Devereaux Ferris
- Full name: Devereaux St Bruno Ferris
- Born: October 24, 1994 (age 31) Auckland, New Zealand
- Height: 5 ft 9 in (1.75 m)
- Weight: 180 lb (82 kg)
- School: King's College
- University: Life West

Rugby union career
- Position: Scrum-half
- Current team: Seattle Seawolves

Amateur team(s)
- Years: Team / Apps / (Points)
- Mid Northern RFC
- 2014: San Diego Old Aztecs
- 2015–2019: Life West
- Correct as of November 19, 2018

Senior career
- Years: Team / Apps / (Points)
- 2016: San Francisco Rush / 9 / (20)
- 2020: San Diego Legion / 4 / (5)
- 2021: Seattle Seawolves
- 2022: NOLA Gold
- 2023: Houston SaberCats
- 2023-present: Seattle Seawolves
- Correct as of July 16, 2023

International career
- Years: Team / Apps / (Points)
- 2017: USA Islanders / 1 / (0)
- 2017–: USA Selects / 3 / (0)
- 2018–: United States / 1 / (0)
- Correct as of November 19, 2018

= Devereaux Ferris =

American rugby union player (born 1994)

Devereaux St Bruno Ferris (born October 24, 1994) is a New Zealand-born, American rugby union player who plays at scrum-half for the Seattle Seawolves in Major League Rugby (MLR). He also represents America as a member of the United States men's national team and USA Selects.

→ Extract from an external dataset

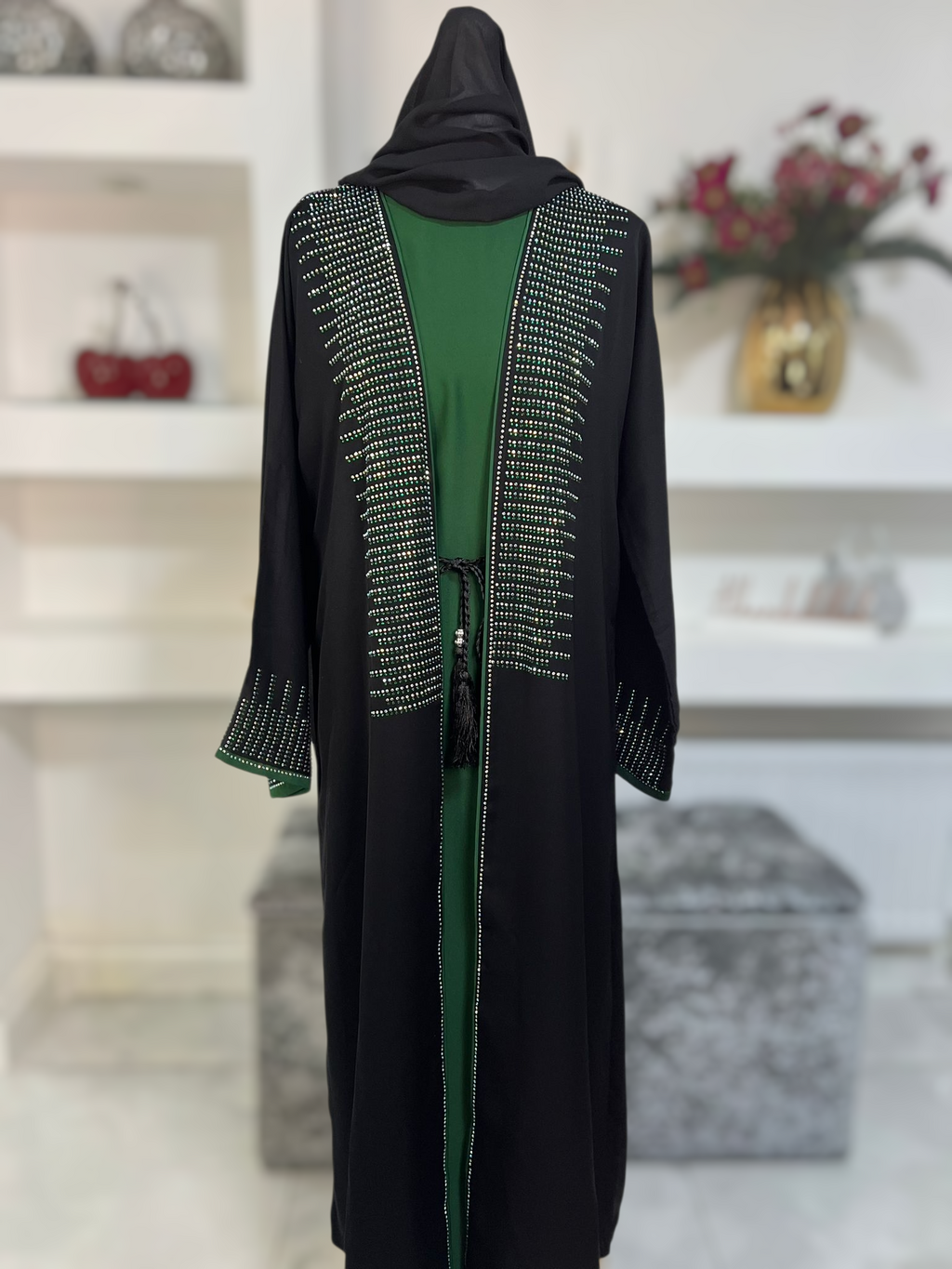 Black and Green 4pc Open Abaya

Ferris has also played for the San Diego Legion, the New Orleans Gold and the Houston SaberCats in MLR, but returned to the Seattle Seawolves. He previously played for the San Francisco Rush in PRO Rugby, the USA Islanders, and Life West.

==Early life==
Ferris was born on October 24, 1994 in Auckland, New Zealand and is of Māori descent. Ferris began playing rugby at the age of three and attended King's College. After having played rugby with Mid Northern RFC in New Zealand and with the San Diego Old Aztecs of San Diego, California for one season, Ferris moved to the United States permanently to play for Life West, where he has been coached by his father. In 2016, Ferris won a DII National Championship as a member of the Life West rugby team.

==Club career==
===San Francisco Rush===
In April 2016, it was announced that Ferris had signed with the San Francisco Rush of PRO Rugby for that competition's first and only season. Ferris made his debut for the Rush on April 17, appearing as a substitute, in a 37–25 loss to Sacramento. Ferris made his first start for the Rush at scrum-half on April 24, in a 35–18 defeat to Denver. Ferris scored two tries in one match on two occasions during the season: on July 16 against the San Diego Breakers and on July 30 against the Sacramento Express.

===San Diego Legion===
Ferris was listed on the roster for the San Diego Legion for their inaugural season in Major League Rugby, but he did not make an appearance for the club.

===Seattle Seawolves===
Ferris signed with Seattle for the 2021 MLR season.

===NOLA Gold===
Ferris signed with NOLA Gold for the 2022 MLR season.

===Houston Sabercats===
Ferris signed with the Houston Sabercats for the 2023 MLR season.

==International career==
===USA Islanders===
In 2017, it was announced that Ferris had been named to the roster of the USA Islanders and would serve as vice-captain. On August 10, 2017, Ferris started for the Islanders at scrum-half in their inaugural match—a 92–0 defeat to Saracens F.C.

===USA Selects===
Ferris was first named to the USA Selects' roster in September 2017, as a non-travelling reserve, in advance of the 2017 Americas Pacific Challenge. In September 2018, it was announced that Ferris had been named to the Selects' roster for the 2018 Americas Pacific Challenge. Ferris made his debut for the Selects on October 6, 2018, appearing as a substitute, in a 39–30 defeat to Tonga.

===USA Eagles===
Ferris was first named to the roster for the USA Eagles for the 2018 Americas Rugby Championship, but he did not make an appearing during the competition. Ferris made his debut for the Eagles on November 10, 2018, appearing as a substitute, in the Eagles' 30–29 victory over Samoa during the 2018 end-of-year tests.